Click Run Evaluation to start the run. The run starts and directs you to the run’s overview page where you can view its progress. Runs may take several minutes to complete depending on the complexity of your model’s configuration and prompts.
Review Run Results
Once a run finishes, you can view its results in the control panel by clicking on the workspace’s Evaluations tab and then clicking the test case you previously ran. The test case’s overview page lists the runs for each agent in the Test case runs section.
To review the results of a run, either click on the + button beside a run to open a list of metric scores, or click on the run’s name to open the run’s overview page. The run’s overview page displays the test case’s configuration, total time to run the evaluation, run cost, and the score for each metric evaluated.
The Scores tab displays the average scores for each metric across all the prompts in the dataset. The Prompts tab displays the list of prompts used in the run and allows you to review how the agent responded to each prompt.
To review how the agent responded to each prompt, click the Prompts tab, locate the prompt you want to review details for, and then click Prompt details for that prompt. The prompt details page displays the following information:
- Input, your test prompt.
- Agent response, the content the agent responded with to the input.
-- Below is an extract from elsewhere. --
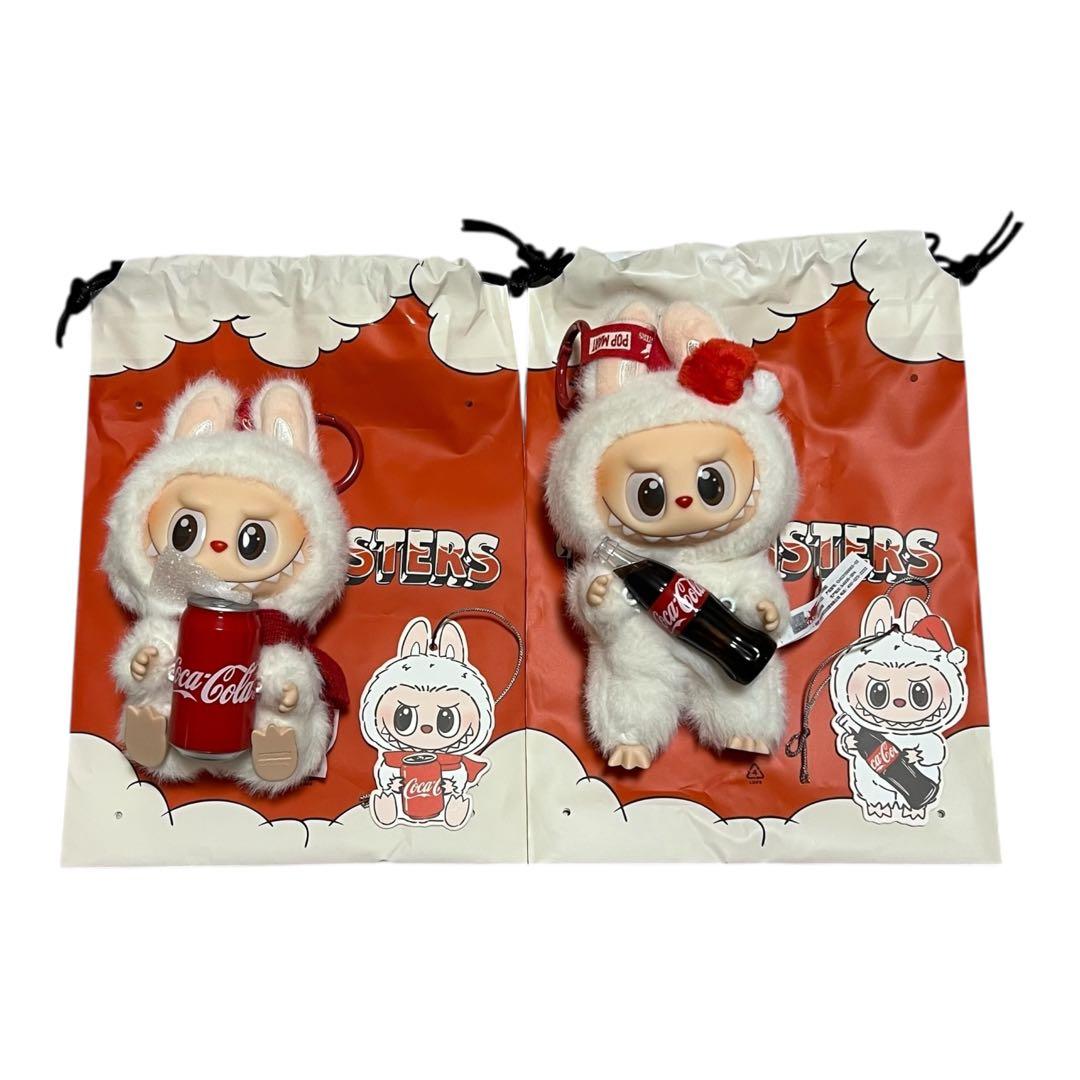 正規品 popmart ポップマート コーラ ラブブ コカコーラ 2体セット 4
- Metric scores, how the individual response score across your selected metrics.
- Retrieved data from knowledge bases, the data retrieved from your knowledge bases to form the response.
The details page also displays how many input and output tokens the agent used during the request.
After reviewing the results of your run, you can adjust your model in various ways to improve your agent’s responses. This includes:
- Providing additional context to your agent by attaching knowledge bases that contain custom data.
- Adding or updating guardrails to keep the agent from responding in undesirable ways.
- Using the Agent Playground to refine the agent’s model setting and instructions (system prompt).
Once you’ve adjusted your agent’s configuration, you can re-run the evaluation to see if the agent’s responses have improved and continue to adjust as needed.